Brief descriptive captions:
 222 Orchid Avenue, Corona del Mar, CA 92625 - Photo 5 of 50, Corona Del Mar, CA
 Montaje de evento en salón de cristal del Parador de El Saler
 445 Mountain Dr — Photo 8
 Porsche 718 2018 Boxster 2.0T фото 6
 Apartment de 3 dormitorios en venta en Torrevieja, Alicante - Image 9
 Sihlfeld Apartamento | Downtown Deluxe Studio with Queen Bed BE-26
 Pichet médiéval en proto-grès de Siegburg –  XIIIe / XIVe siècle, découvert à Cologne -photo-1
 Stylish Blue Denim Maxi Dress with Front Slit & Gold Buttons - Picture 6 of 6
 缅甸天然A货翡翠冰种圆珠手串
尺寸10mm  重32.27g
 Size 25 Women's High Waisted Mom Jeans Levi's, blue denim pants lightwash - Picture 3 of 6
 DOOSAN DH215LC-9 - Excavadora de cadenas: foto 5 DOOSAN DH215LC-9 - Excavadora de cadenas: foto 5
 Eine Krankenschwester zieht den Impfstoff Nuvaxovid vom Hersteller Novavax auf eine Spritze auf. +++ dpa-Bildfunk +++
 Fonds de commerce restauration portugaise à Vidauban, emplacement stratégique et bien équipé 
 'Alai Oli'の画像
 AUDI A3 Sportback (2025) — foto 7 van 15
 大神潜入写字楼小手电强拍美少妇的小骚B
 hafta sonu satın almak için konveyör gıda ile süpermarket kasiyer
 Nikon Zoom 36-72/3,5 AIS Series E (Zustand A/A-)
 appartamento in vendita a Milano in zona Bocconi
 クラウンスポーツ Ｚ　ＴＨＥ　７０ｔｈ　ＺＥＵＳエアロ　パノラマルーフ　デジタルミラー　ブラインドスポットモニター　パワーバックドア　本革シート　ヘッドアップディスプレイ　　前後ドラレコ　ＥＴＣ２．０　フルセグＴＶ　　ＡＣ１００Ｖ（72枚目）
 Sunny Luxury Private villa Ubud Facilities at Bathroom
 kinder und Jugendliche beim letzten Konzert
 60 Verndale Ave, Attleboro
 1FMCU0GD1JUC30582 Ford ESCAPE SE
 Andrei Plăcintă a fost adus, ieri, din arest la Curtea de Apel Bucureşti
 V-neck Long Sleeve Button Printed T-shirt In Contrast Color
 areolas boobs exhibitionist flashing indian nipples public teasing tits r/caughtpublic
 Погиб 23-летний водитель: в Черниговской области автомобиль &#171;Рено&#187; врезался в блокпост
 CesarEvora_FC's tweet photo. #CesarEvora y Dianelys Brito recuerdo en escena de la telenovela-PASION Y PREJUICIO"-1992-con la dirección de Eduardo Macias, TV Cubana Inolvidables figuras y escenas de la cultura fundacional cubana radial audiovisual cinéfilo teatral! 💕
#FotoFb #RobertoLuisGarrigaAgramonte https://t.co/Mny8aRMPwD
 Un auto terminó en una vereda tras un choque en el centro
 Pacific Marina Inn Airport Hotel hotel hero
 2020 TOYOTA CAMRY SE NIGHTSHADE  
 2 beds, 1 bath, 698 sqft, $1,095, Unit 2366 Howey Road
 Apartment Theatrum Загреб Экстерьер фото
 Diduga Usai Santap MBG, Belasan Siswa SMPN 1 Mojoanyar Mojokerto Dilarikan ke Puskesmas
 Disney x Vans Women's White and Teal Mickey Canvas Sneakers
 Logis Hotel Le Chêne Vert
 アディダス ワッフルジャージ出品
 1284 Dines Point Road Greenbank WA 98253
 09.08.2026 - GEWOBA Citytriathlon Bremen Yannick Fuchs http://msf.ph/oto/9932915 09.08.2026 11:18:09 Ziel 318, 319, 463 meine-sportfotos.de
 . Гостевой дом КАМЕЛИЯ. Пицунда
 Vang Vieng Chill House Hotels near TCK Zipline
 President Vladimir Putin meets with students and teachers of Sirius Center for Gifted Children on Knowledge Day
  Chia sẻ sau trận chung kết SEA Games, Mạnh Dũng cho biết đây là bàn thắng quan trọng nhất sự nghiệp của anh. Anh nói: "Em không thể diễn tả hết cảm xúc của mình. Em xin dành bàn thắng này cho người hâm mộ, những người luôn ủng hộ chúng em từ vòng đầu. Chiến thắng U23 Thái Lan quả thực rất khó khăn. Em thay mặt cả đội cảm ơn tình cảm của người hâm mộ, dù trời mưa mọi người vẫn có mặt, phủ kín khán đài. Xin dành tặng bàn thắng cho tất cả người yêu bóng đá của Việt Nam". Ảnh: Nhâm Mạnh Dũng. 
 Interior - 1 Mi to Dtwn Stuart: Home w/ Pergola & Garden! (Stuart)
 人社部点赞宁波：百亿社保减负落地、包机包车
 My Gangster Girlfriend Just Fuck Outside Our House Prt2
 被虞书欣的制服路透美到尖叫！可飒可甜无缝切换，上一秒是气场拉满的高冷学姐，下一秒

| What you should do |
Word for word, restate the entries that appear above.

| Problem solution |
 222 Orchid Avenue, Corona del Mar, CA 92625 - Photo 5 of 50, Corona Del Mar, CA
 Montaje de evento en salón de cristal del Parador de El Saler
 445 Mountain Dr — Photo 8
 Porsche 718 2018 Boxster 2.0T фото 6
 Apartment de 3 dormitorios en venta en Torrevieja, Alicante - Image 9
 Sihlfeld Apartamento | Downtown Deluxe Studio with Queen Bed BE-26
 Pichet médiéval en proto-grès de Siegburg –  XIIIe / XIVe siècle, découvert à Cologne -photo-1
 Stylish Blue Denim Maxi Dress with Front Slit & Gold Buttons - Picture 6 of 6
 缅甸天然A货翡翠冰种圆珠手串
尺寸10mm  重32.27g
 Size 25 Women's High Waisted Mom Jeans Levi's, blue denim pants lightwash - Picture 3 of 6
 DOOSAN DH215LC-9 - Excavadora de cadenas: foto 5 DOOSAN DH215LC-9 - Excavadora de cadenas: foto 5
 Eine Krankenschwester zieht den Impfstoff Nuvaxovid vom Hersteller Novavax auf eine Spritze auf. +++ dpa-Bildfunk +++
 Fonds de commerce restauration portugaise à Vidauban, emplacement stratégique et bien équipé 
 'Alai Oli'の画像
 AUDI A3 Sportback (2025) — foto 7 van 15
 大神潜入写字楼小手电强拍美少妇的小骚B
 hafta sonu satın almak için konveyör gıda ile süpermarket kasiyer
 Nikon Zoom 36-72/3,5 AIS Series E (Zustand A/A-)
 appartamento in vendita a Milano in zona Bocconi
 クラウンスポーツ Ｚ　ＴＨＥ　７０ｔｈ　ＺＥＵＳエアロ　パノラマルーフ　デジタルミラー　ブラインドスポットモニター　パワーバックドア　本革シート　ヘッドアップディスプレイ　　前後ドラレコ　ＥＴＣ２．０　フルセグＴＶ　　ＡＣ１００Ｖ（72枚目）
 Sunny Luxury Private villa Ubud Facilities at Bathroom
 kinder und Jugendliche beim letzten Konzert
 60 Verndale Ave, Attleboro
 1FMCU0GD1JUC30582 Ford ESCAPE SE
 Andrei Plăcintă a fost adus, ieri, din arest la Curtea de Apel Bucureşti
 V-neck Long Sleeve Button Printed T-shirt In Contrast Color
 areolas boobs exhibitionist flashing indian nipples public teasing tits r/caughtpublic
 Погиб 23-летний водитель: в Черниговской области автомобиль &#171;Рено&#187; врезался в блокпост
 CesarEvora_FC's tweet photo. #CesarEvora y Dianelys Brito recuerdo en escena de la telenovela-PASION Y PREJUICIO"-1992-con la dirección de Eduardo Macias, TV Cubana Inolvidables figuras y escenas de la cultura fundacional cubana radial audiovisual cinéfilo teatral! 💕
#FotoFb #RobertoLuisGarrigaAgramonte https://t.co/Mny8aRMPwD
 Un auto terminó en una vereda tras un choque en el centro
 Pacific Marina Inn Airport Hotel hotel hero
 2020 TOYOTA CAMRY SE NIGHTSHADE  
 2 beds, 1 bath, 698 sqft, $1,095, Unit 2366 Howey Road
 Apartment Theatrum Загреб Экстерьер фото
 Diduga Usai Santap MBG, Belasan Siswa SMPN 1 Mojoanyar Mojokerto Dilarikan ke Puskesmas
 Disney x Vans Women's White and Teal Mickey Canvas Sneakers
 Logis Hotel Le Chêne Vert
 アディダス ワッフルジャージ出品
 1284 Dines Point Road Greenbank WA 98253
 09.08.2026 - GEWOBA Citytriathlon Bremen Yannick Fuchs http://msf.ph/oto/9932915 09.08.2026 11:18:09 Ziel 318, 319, 463 meine-sportfotos.de
 . Гостевой дом КАМЕЛИЯ. Пицунда
 Vang Vieng Chill House Hotels near TCK Zipline
 President Vladimir Putin meets with students and teachers of Sirius Center for Gifted Children on Knowledge Day
  Chia sẻ sau trận chung kết SEA Games, Mạnh Dũng cho biết đây là bàn thắng quan trọng nhất sự nghiệp của anh. Anh nói: "Em không thể diễn tả hết cảm xúc của mình. Em xin dành bàn thắng này cho người hâm mộ, những người luôn ủng hộ chúng em từ vòng đầu. Chiến thắng U23 Thái Lan quả thực rất khó khăn. Em thay mặt cả đội cảm ơn tình cảm của người hâm mộ, dù trời mưa mọi người vẫn có mặt, phủ kín khán đài. Xin dành tặng bàn thắng cho tất cả người yêu bóng đá của Việt Nam". Ảnh: Nhâm Mạnh Dũng. 
 Interior - 1 Mi to Dtwn Stuart: Home w/ Pergola & Garden! (Stuart)
 人社部点赞宁波：百亿社保减负落地、包机包车
 My Gangster Girlfriend Just Fuck Outside Our House Prt2
 被虞书欣的制服路透美到尖叫！可飒可甜无缝切换，上一秒是气场拉满的高冷学姐，下一秒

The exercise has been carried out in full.